In fairly short order, physicists studying the quantum level noticed some peculiar things about this tiny world. For one, the particles that exist on this level have a way of taking different forms arbitrarily. For example, scientists have observed photons -- tiny packets of light -- acting as particles and waves. Even a single photon exhibits this shape-shifting [source: Brown University]. Imagine if you looked and acted like a solid human being when a friend glanced at you, but when he looked back again, you'd taken a gaseous form.
This has come to be known as the Heisenberg Uncertainty Principle. The physicist Werner Heisenberg suggested that just by observing quantum matter, we affect the behavior of that matter. Thus, we can never be fully certain of the nature of a quantum object or its attributes, like velocity and location.

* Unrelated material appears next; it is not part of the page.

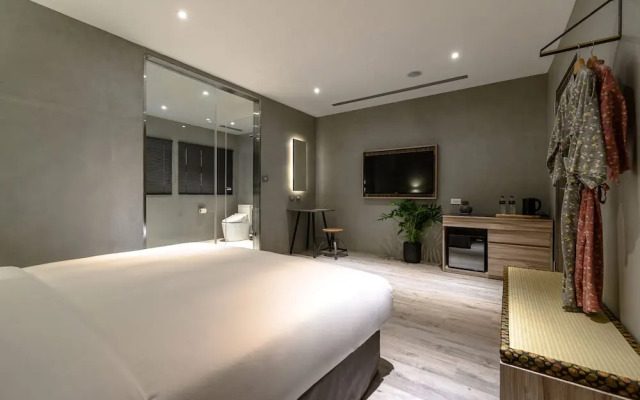 Yunoyado Onsen Hotspring Hotel Deyang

This idea is supported by the Copenhagen interpretation of quantum mechanics. Posed by the Danish physicist Niels Bohr, this interpretation says that all quantum particles don't exist in one state or the other, but in all of its possible states at once. The sum total of possible states of a quantum object is called its wave function. The state of an object existing in all of its possible states at once is called its superposition.
According to Bohr, when we observe a quantum object, we affect its behavior. Observation breaks an object's superposition and essentially forces the object to choose one state from its wave function. This theory accounts for why physicists have taken opposite measurements from the same quantum object: The object "chose" different states during different measurements.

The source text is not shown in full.